T-Bills & Banker’s Acceptance

Money Market Account Interest.  A Money Market savings account is very much similar to a savings account in the sense that you invest cash in the bank and then you get a matching interest depending on the amount that you put in. The only variance is that the bank utilizes your money and loans it to other individuals with a higher interest rate.  The interest generated from money markets is compounded each day and paid every month with rates based on the going rate of the bank at the time the transaction was made. Depositors should be mindful about the existing interest rates before putting their money on money market as these money market rates rise and fall over time.

BANKER’S ACCEPTANCE. It is a negotiable instrument or order of payment withdrawn and accepted by a bank. It is similar to a postdated draft from a client to the bank for a sum available throughout a particular time frame, generally six months. Receipt of this draft makes it possible for the bank to trade or sell it in secondary markets. Worldwide trade depends on Banker’s Acceptance. Here’s an illustration of how it works: say there is a trade ongoing between an importer and an exporter and the importer cannot acquire financing from the exporter. The importer may use a Banker’s Acceptance from his bank to consummate dealings in the bank’s behalf; he then makes an arrangement to pay the bank and issues a time draft on the bank. The bank then marks down his check, and offers the funds to the importer but take note that the total is less than the face value of the original draft. The importer uses the said amount to pay the exporter. It is now the bank’s discretion to utilize this draft either to their collection or to resell or rediscount it in the secondary market.

TREASURY BILLS. The most popular market security are T-bills. T-bills are short-term savings and are issued in 3-month, 6-month and one-year time periods. T-bills are traded competitively or non-competitively.  Non-competitive means you cannot propose for the amount of security that you will receive other than what is stated at the time of the auction.  Competitive bidding, however, gives you a more flexible take for the reason that you can bid higher than the precise returns.
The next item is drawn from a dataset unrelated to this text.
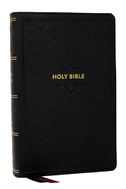KJV Personal Size Large Print End-of-Verse Reference Bible, Black Leathersoft, Red Letter, Comfort Print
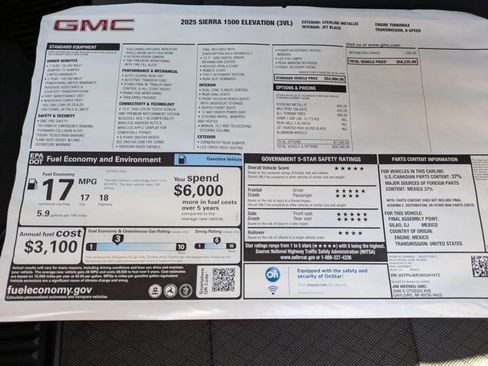 New 2025 GMC Sierra 1500 Elevation image 18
If they find your bid too much, they may deny you of the T-bills or they may still carry on with the bid but only present you with a portion of what you bid for.

T-bills are marketable for the reason that they appeal to the broad single investors. They are more reasonable than other money-market savings. T-bills are generally offered in quantities of $1,000, $5,000, $10,000, $25,000, $50,000, $100,000 and $1 million.  T-bills short tenure also make them attractive to traders.  You can acquire a T-bill for a 4-week period.  But the downside to this is that your funds is unavailable for the 4-week period of time with no opportunity to extract it earlier than maturity as with CDs.

$1000 portions are available for acquisition.  Amounts larger than a thousand will not be given and has to be invested in other money market type accounts.